The primary area of this boom is the Permian Basin (in West Texas). Oil has been produced in that area for 80-90 years, but what has happened to make it even more interesting is the current economics. The significant increase in prices over the last 10-15 years has made it more economical to drill these reserves. New technology has also lowered the cost of developing these reserves and continues to improve.
For example, hydraulic fracturing and long horizontal laterals have allowed the operators to access more reserves more efficiently. Fracking three wells that have three miles of laterals in the space of 21 days is now common; just 5 years ago, fracking a one mile lateral in 21 days was the state of the art.
In a recent Forbes article you wrote, you explain that, although the price of oil has risen and there exist more effective technologies, some oil companies are losing money (for the details on why this is, read the article here). Big picture wise, what are these companies doing wrong?
The challenge with many companies is old-fashion executive management and how they were funded and put together. The companies that have been in the Permian basin for the longest time have very cheap assets on their books. The new arrivals have followed the siren song of the shale play and, with backing from private equity and Wall Street, bid up the value of the acreage to fantastic prices.
As an example, in our prior company, we were among the leaders of the Niobara shale development. We built a 166,000 acre position at an average cost of $12 per acre. Today, folks are spending $20,000-to-$30,000 per mineral acre. It’s difficult to compete with those high entry costs. The last player in is paying too much, and that’s what we’ve seen here in Texas. In an increasing price environment where capital is chasing a limited resource, and certainly mineral acreage in the Permian Basin is the limited resource, the game is taking on some characteristics of a Ponzi scheme for some energy investors.
What business advice do you give your students, potential future leaders of this industry, since we know that it is a fragile industry where a lot of mistakes have been made?
It’s the same as with every business--one has to pay primary attention to the revenue engine of the company. Pay attention to the costs, the stewardship of the assets, employees and, of course, pay attention to the constituencies of your community--the workers, the city, the county, the state. All factors impact business decisions that need to be made by the executive team or the board of directors.
What is the effect, if any, of the Texas Oil Boom on the domestic and international price of oil?
It’s a world market, so any barrel we add to the world market from West Texas, from Denver, or from California, produces supply that can help push the price of crude down.

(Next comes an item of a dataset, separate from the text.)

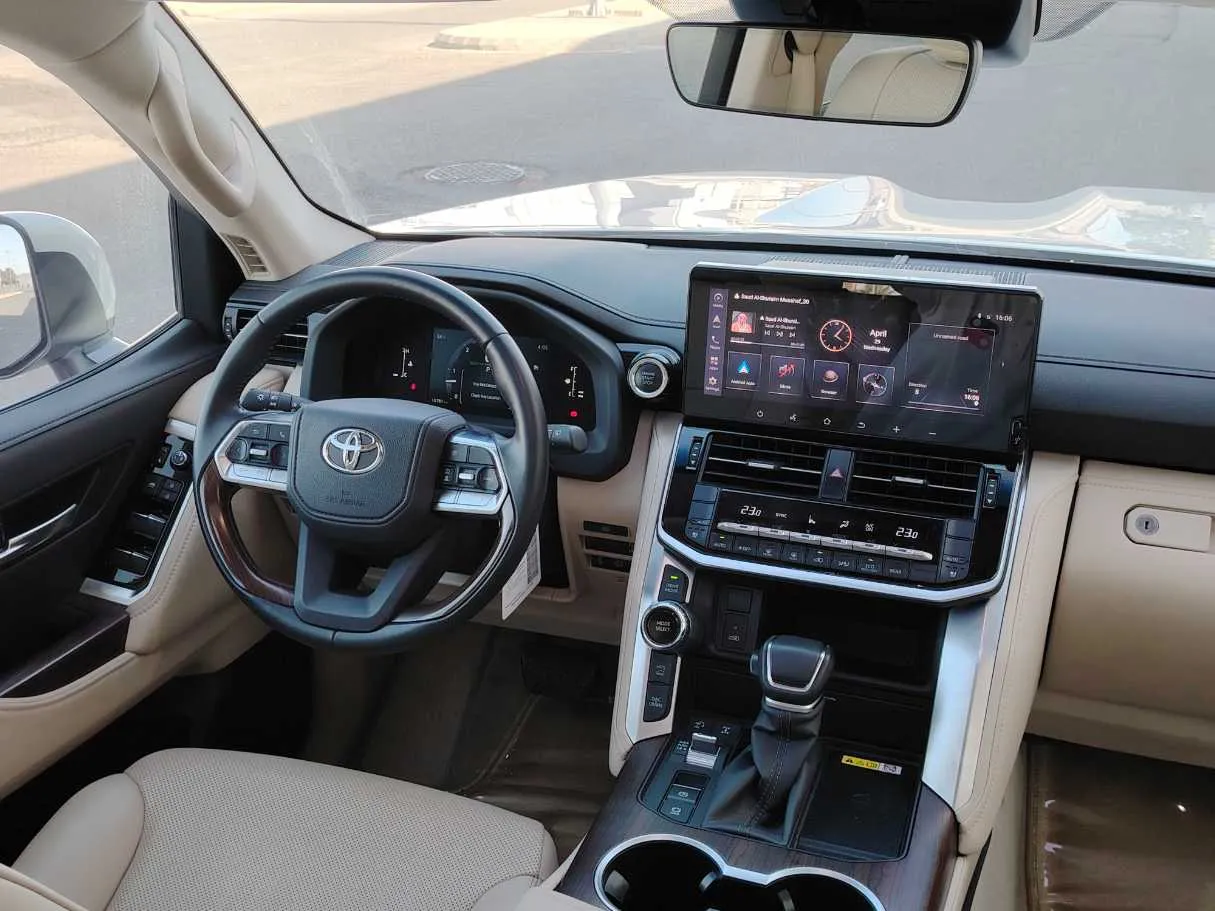 Car image 23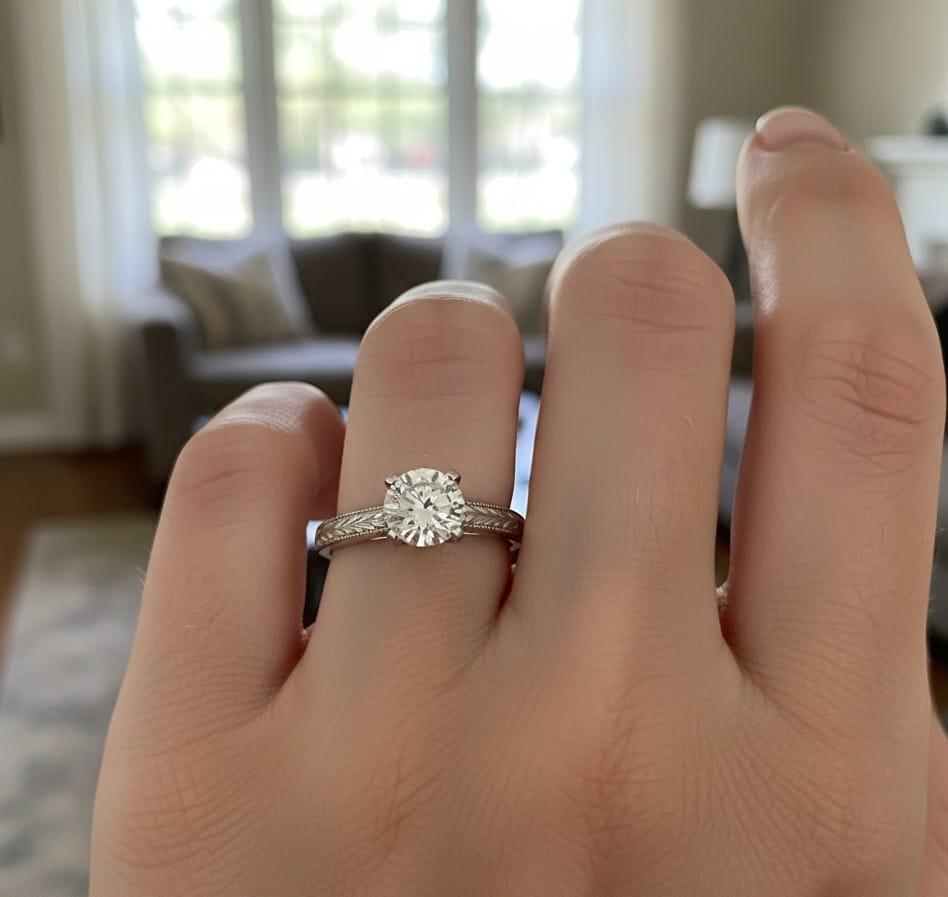 DIAMOND ENGAGEMENT RING 1.01CT SOLITAIRE PLATINUM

But the thing to remember here is that crude oil from West Texas in general is among the highest cost oil coming to market, so it’s very vulnerable to an instigation of a price war such as we saw conducted by OPEC from 2014-2016.
OPEC has the ability to ramp up production of its low cost crude and seriously damage the US oil industry just as it did then. That price war destroyed $250 billion in capital; it directly caused the loss of 250,000 jobs; and it cost the US more than $200 billion in annual GDP over this period of time. It was a strategic execution of an old-fashioned price war.
Ed Hirs Bio
I am a BDO Fellow for Natural Resources and a UH Energy Fellow at the University of Houston, where I teach energy economics for all types of energy—critical, data driven, and apolitical analysis of energy markets and policy decisions—to undergraduate and graduate students. I am a Managing Director for Hillhouse Resources LLC, an independent E&P company developing onshore conventional oil and gas discoveries; I previously served as chief financial officer for an early leader in the Niobrara shale play.
I have worked as an investment banker and co-founded an independent power producer. Early in my career, I worked in the Department of Energy’s Office of Conservation and Solar Energy, where we convened DOE’s first national conference on energy conservation and alternative energy. I also chair an energy conference at Yale University where we consider the developing energy markets, investments, and new technologies.